REPUBLIKA.CO.ID, SEMARANG—Pengelolaan Daerah Aliran Sungai (DAS) yang ada di Jawa Tengah diusulkan menjadi satu sistem pengelolaan yang terpadu. Selama ini, pengelolaan DAS yang ada di daerah ini dibagi menjadi sejumlah kewenangan.
Hal ini dinilai menjadi hambatan bagi pihak- pihak yang berkepentingan dalam melakukan penanganan berbagai persoalan yang terkait dengan irigasi maupun langkah- langkah penanganan banjir.
Wakil Ketua Komisi D DPRD Provinsi Jawa Tengah, Hadi Santoso mengusulkan agar pengelolaan DAS –berikut anak sungai—yang ada di wilayah Jawa Tengah ‘dilebur’ menjadi satu sistem yang terpadu.
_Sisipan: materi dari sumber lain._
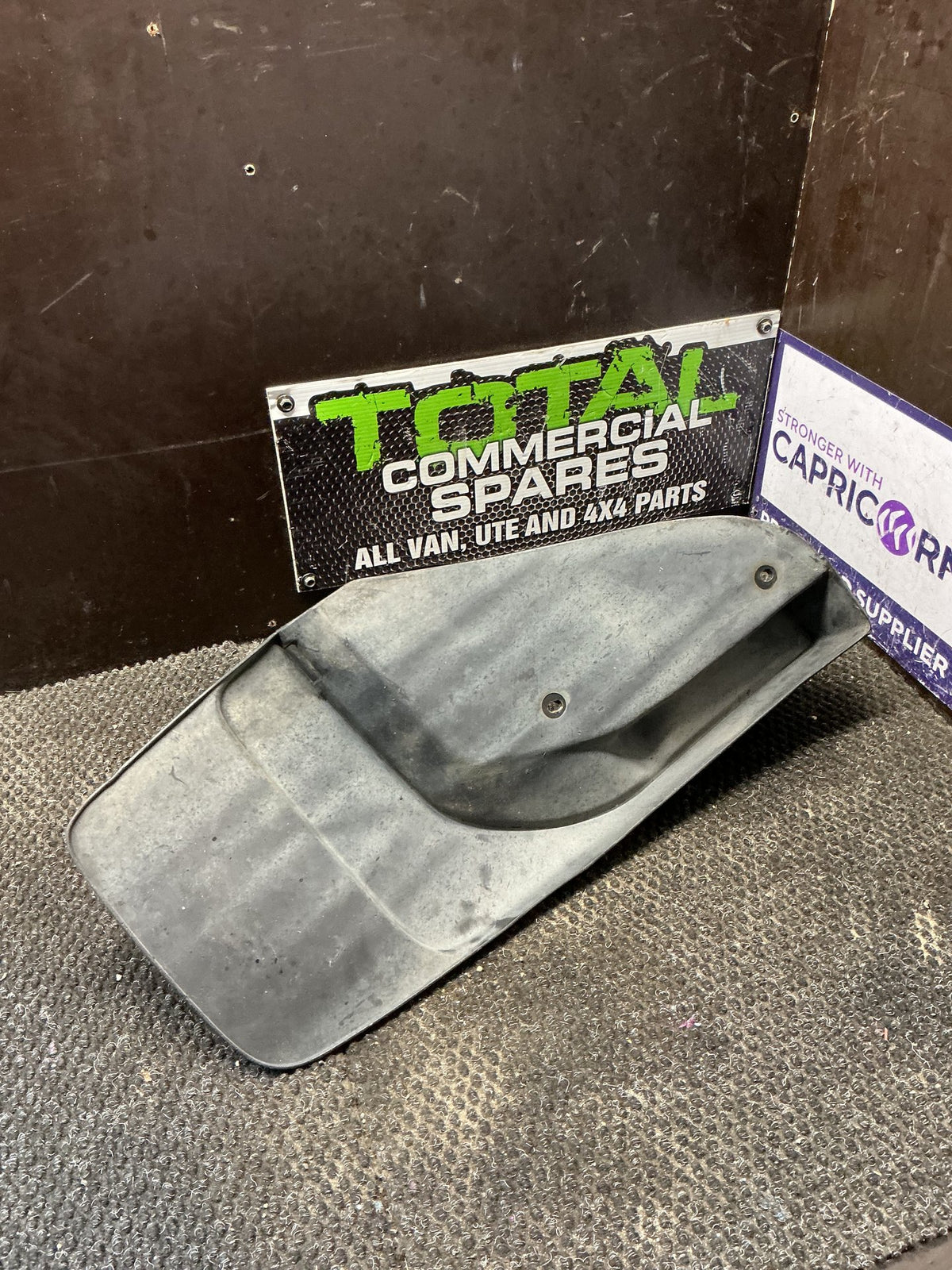 1995-2002 Toyota Surf N180- Left Rear Mudflap- (TAG11607)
“Sebab salah satu penyebab lambannya penanganan maupun solusi terkait dengan jangkauan irigasi serta banjir –tak lain-- adalah wewenang pengelolaan sungai serta anak sungai yang terpisah- pisah,” ujarnya di Semarang, Senin (17/4).
Berdasarkan data Dinas PU-PSDA, jumlah DAS di Jawa Tengah --sesuai dengan Peraturan Presiden (Perpres) Nomor 12 Tahun 2012 tentang Penetapan Wilayah Sungai, mencapai 202 DAS.
Adapun pengelolaaannya dibagi menjadi beberapa Balai Besar Wilayah Sungai (BBWS) di bawah Kementerian Pekerjaan Umum dan Perumahan Rakyat (PUPR). Masing- masing BBWS Pemali Juana, BBWS Serayu Opak, BBWS Bengawan Solo, dan BBWS Cimanuk-Cisanggarung.
Ia mencontohkan, selama ini permasalahan irigasi sekunder diserahkan kepada Perkumpulan Petani Pemakai Air (P3A). Namun, di lapangan, P3A tidak memliki otoritas untuk menyelesaikan jika terjadi kendala pada saluran irigasi tersebut.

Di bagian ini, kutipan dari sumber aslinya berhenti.